OPINION | ‘Muslims are Spiders, Hindus are Chameleons’: Sparks of Communal Fire that Rages Today
OPINION | ‘Muslims are Spiders, Hindus are Chameleons’: Sparks of Communal Fire that Rages Today
The simple fact of the growing communalisation of our shared culture iconography is this — threats make minority community defensive and insecurity among majority community makes it aggressive.

In the last few weeks, we have all become witnesses and participants to two important debates, one deeply intellectual and the other more visceral in nature. Both go back and forth on the question of what it means to be a Muslim in India today.

The first was triggered by Harsh Mander. In his piece for The Indian Express, he talked about the growing marginalisation of Muslims in Indian society. The very sight of skullcaps and burqas, argued Mander, was enough to polarise Hindu votes.

Mander was trying to focus our attention towards the decline in the number of Muslim candidates fighting elections. Clearly, very few tickets are now being given to Muslims by parties, including those who boast of their ‘secular’ credentials.

Not only are Muslims asked to attend political rallies without their burqas and skullcaps, as Mander pointed out in his column, Muslims are also being instructed not to turn up to voting booths during early hours of voting — to not scare away Hindu voters.

But does this political xenophobia surprise us? It shouldn’t, considering how years of communal folklore, public rumours and social prejudices, all serving a militant Hindutva agenda, have been fed to us over and over again.

The dark green colour, Urdu, biryani, jewellery, monuments — from items of daily use to icons of our society, there were certain items that were branded 'Muslim' or 'Islamic' by nature and therefore forbidden.

This brings us to the second debate, which was provoked when someone boasted on Twitter about cancelling a cab because his would-be driver was a Muslim. His very name was enough to jeopardise the livelihood of the cab driver.

To be sure, we haven’t abruptly come to this. Communal fires were ignited in our minds since our very childhoods and some of those fires have simmered on quietly since.

Let me share with you a short parable that was fed to me at a very young, impressionable age.

This was way back in 1971. I was not a voter then, so young that I didn’t even know that burqas and skull caps were worn only by people of a particular faith.

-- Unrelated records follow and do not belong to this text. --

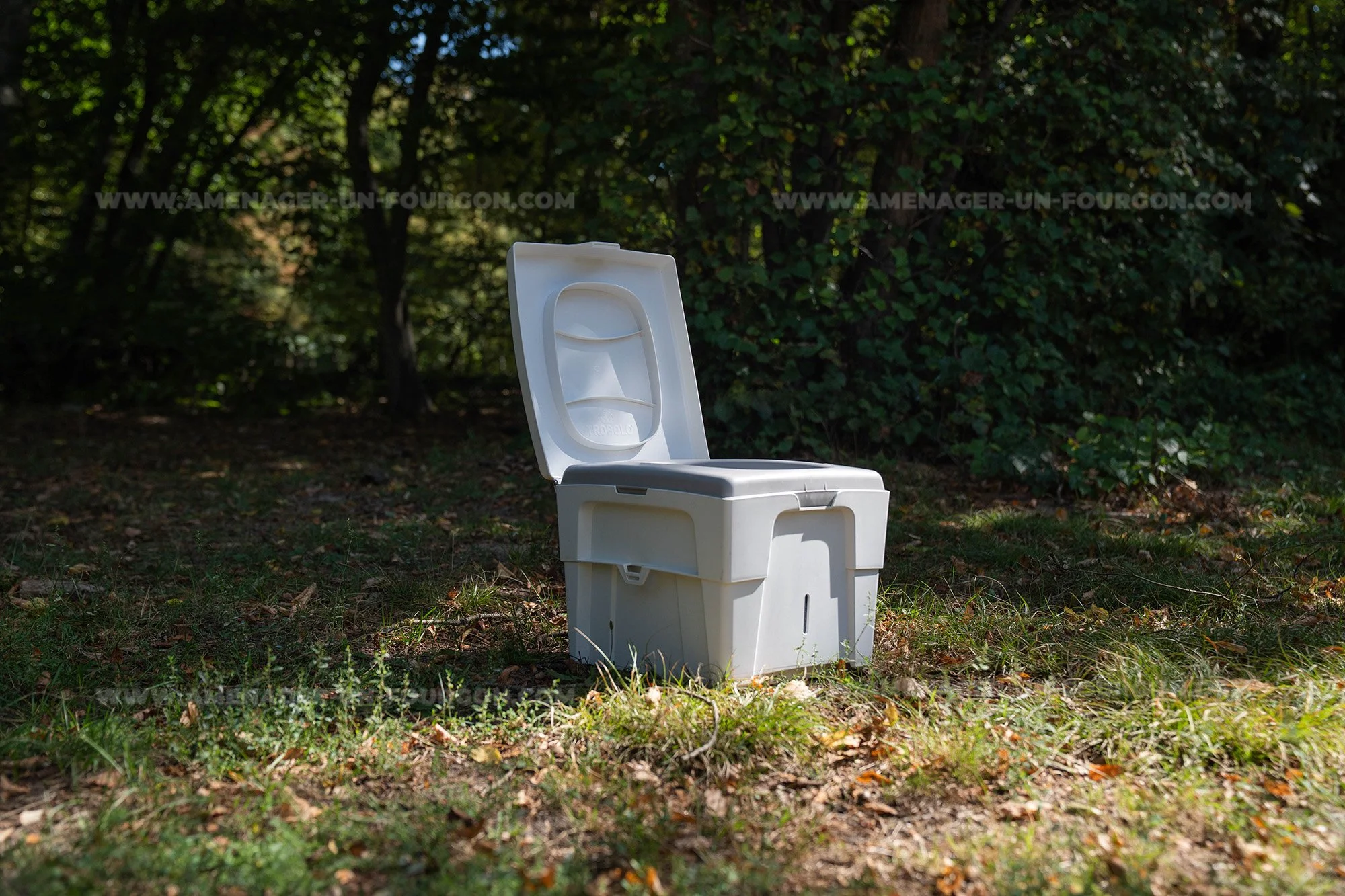La gestion des toilettes sèches en van aménagé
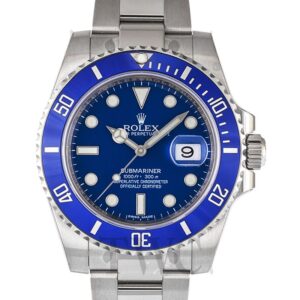 Rolex Submariner "Smurf" 116619LB Swiss ETA 1:1 Super Clone Watch Chennai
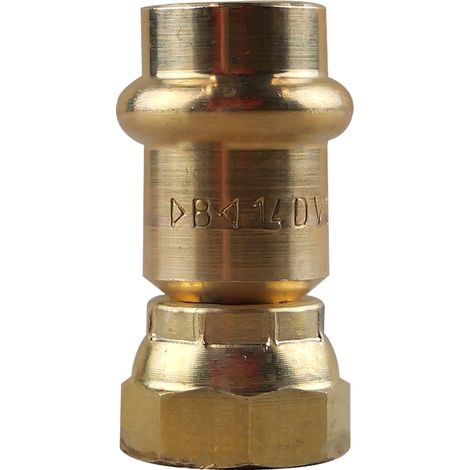 Union Femelle écrou tournant Ø14 - G 3/8" (12/17) à sertir et à visser (1/4)
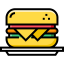 Burger icon 64x64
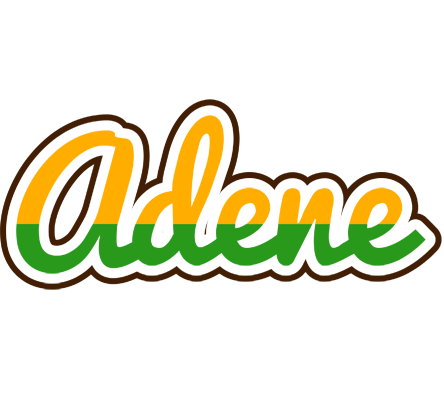 Adene banana logo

One day, with other students of my school, I was taken to nearby Railway Maidan to join a procession. We students were shouting slogans against then Pakistan president Yahya Khan. One of the slogans was “Yahya Khan ki teen dawai, lattam juttam aur pitai (Yahya Khan’s three remedies —kicks, punches and thrashing)”.

We went on to burn the effigy of Yahya Khan, hailed the creation of Bangladesh, dividing Pakistan, and heard the heroic tales of Indian soldiers during Indo–Pak war.

One of these stories was very interesting. Muslims are spiders and Hindus are chameleons, we were told. To prove this point, an anecdote from Indo–Pak war was narrated to us.

The ‘Hindustani’ army (our army wasn’t referred to as the Indian army) was chasing the Pakistani army in Bangladesh. Pakistani soldiers while retreating suddenly vanished. Hindustani soldiers were taken aback by this sudden disappearance of their enemies.

What had actually happened was that Pakistani soldiers had jumped into a ditch and a spider there weaved a web over them, thereby making them invisible to the Hindustani forces.

When Hindustani soldiers reached the ditch, all they could spot below were some spider webs.

But just then a chameleon, also sitting in the ditch, came to the aid of the Hindustani forces and pointed out their enemy to them by shaking its head towards the spider webs. Having understood their game, Hindustani forces unveiled Pakistani soldiers, dragged them out of the ditch and killed them.

This parable of the spider and the chameleon sowed a divisive seed of hatred in our minds at a tender age.

We started killing spiders at every possible opportunity.

During our adolescence, we were asked to be extra cautious during Eid. A general complaint that was shared with us was that water and power supplies were extended to Muslim colonies during Eid. We were made to see the number of ‘Pakistani’ colonies around us. “Never venture around those Pakistani colonies,” we were told.

We are being forced to find those “Pakistani colonies” again and retreat to colonies of our co-religionists. Not for nothing was Congress president Rahul Gandhi forced to declare during the recent election campaign in Gujarat that he was a “Janeyudhaari (sacred-thread wearing) Hindu”.

Language has also been put to such purposes. A recent election slogan called opposition parties ‘Kasab’, a Hindi abbreviation for Congress, Samajwadi Party and Bahujan Samaj Party.

Ajmal Kasab still remains in public memory as one of the Pakistani terrorists who, after having killed several people during 26/11 Mumbai attacks, spent the rest of his time till his execution munching biryani (that the person who floated this lie later confirmed it to be such didn’t of course change the popular view).

The simple fact of the growing communalisation of our shared culture iconography is this — threats make minority community defensive and insecurity among majority community makes it aggressive. And this very aggression completes the phenomena of militarisation of majority community at the end.

You cannot resist the temptation of killing that spider.